Ioana (the short story)

It’s pretty accurate to say that within the first couple months of being in the orphanage, I fell in love with many of the children. Yes, there were those that I didn’t really attach or connect to, but for those I did, it is very accurate to say I “fell in love”. When children show you genuine love, irrespective of your feelings or opinions of them, you kind of become powerless to staying where you are. You have to “fall”.

My little sister was one of those children. From the day I first met her I knew she was special. I don’t mean special as in more of something compared to someone else, no, I mean she and I connected. Ioana had a sparkle in her eyes, in her moves, in everything she was, and we fell in love. You have to hear that without adult meaning, and hear it the way two spirits, two angels, two energies… collide.

She didn’t speak my language. Actually, she didn’t even talk. She was abandoned around the age of two, and with nobody to teach or encourage her, like most of the children, she didn’t try to speak words. With attentiveness unlike any three year old I had ever met, she used her eyes, her expression, and her body to communicate. I couldn’t count the times she stared at my face seemingly saying “I’m so happy you are here”. Or the times she put her hands either side of my head and brought her lips to my forehead to hum, trying to convey my importance to her.

With the purity and beauty only children possess, she loved me.

Having told my mother all about this amazing little angel, and begging her to find Ioana a family, my mother decided she would adopt her. I had Ioana with me outside the orphanage the afternoon I was on the phone with my mom and she gave me the news. Never have I wanted to be more understood than that day when I told this sparkling orphan we would be sisters.

As months passed, this amazing little girl cemented my heart in love for her, but eventually I had to leave without her.

Two years later, the adoption was finished, and three of us went to Romania.

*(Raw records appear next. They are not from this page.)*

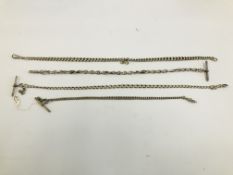 A GROUP OF FOUR VINTAGE SILVER WATCH CHAINS.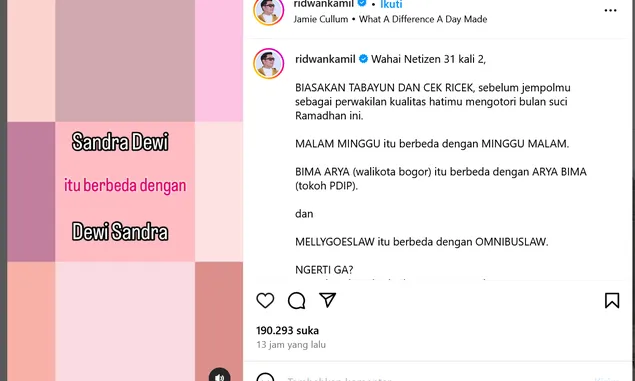 Dewi Sandra Dikira Sandra Dewi Istri Harvey Moeis, Ridwan Kamil Tulis Pesan Ini ke Warganet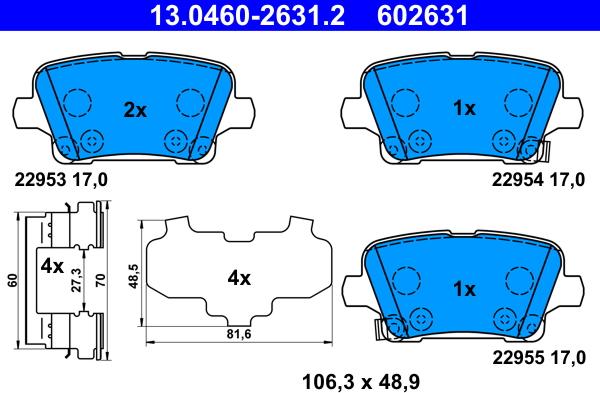 ATE 13.0460-2631.2 - Kit pastiglie freno, Freno a disco autozon.pro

My Mother, myself, and my younger sister Jenny. We left the airport in two vehicles with supplies for the orphanage, and I arrived a few minutes after my Mom and sister. I walked up behind Jenny holding Ioana, then around to face them. Ioana saw me and froze. Then she turned and looked at Jenny, then to me again. Suddenly she reached out to me and squealed in delight moving into my arms, hugging me, and then reaching out to Jenny to pull her face near mine. What a delight to have TWO! Using no words, she told us that she thought Jenny was Natalie, and now knowing what was happening, she was happier than ever. I will never forget her joy or the way it made me feel to not only see she still loved me, but automatically loved Jenny too.

I wish I could end this saying that special child bursting with love, still remains so today. 20 + years later, but she’s unrecognizable. The effects of Romania on a child caught up. In conjunction with adulthood that angel I fell in love with changed and disappeared. It seems like a sad torturous ending to say she became angry, closed, violent, and the opposite of love. She near enough hates the world. Still with no language skills, or ability to articulate any feeling, she shows her emotions in face and deed. I don’t know where that little girl I fell in love with went. She’s not here anymore, but I haven’t forgotten her. I remember perfectly her smiles, her laughter, her hugs and her squeals of delight. Things change, people change. But I got to fall in love, and I get to remember how special it was.



(How to say Ioana: The first syllable is the hardest to explain. It's similar to Yo, but has a slight e sound in front of it. eYo looks strange, but it's pretty accurate for the sound. Ana is pronounced ah-nuh. It is a three syllable name, but said very smoothly and not divided into three syllables the way an English name like Bethany is. After a couple years and her input, she decided to go by JoAna.)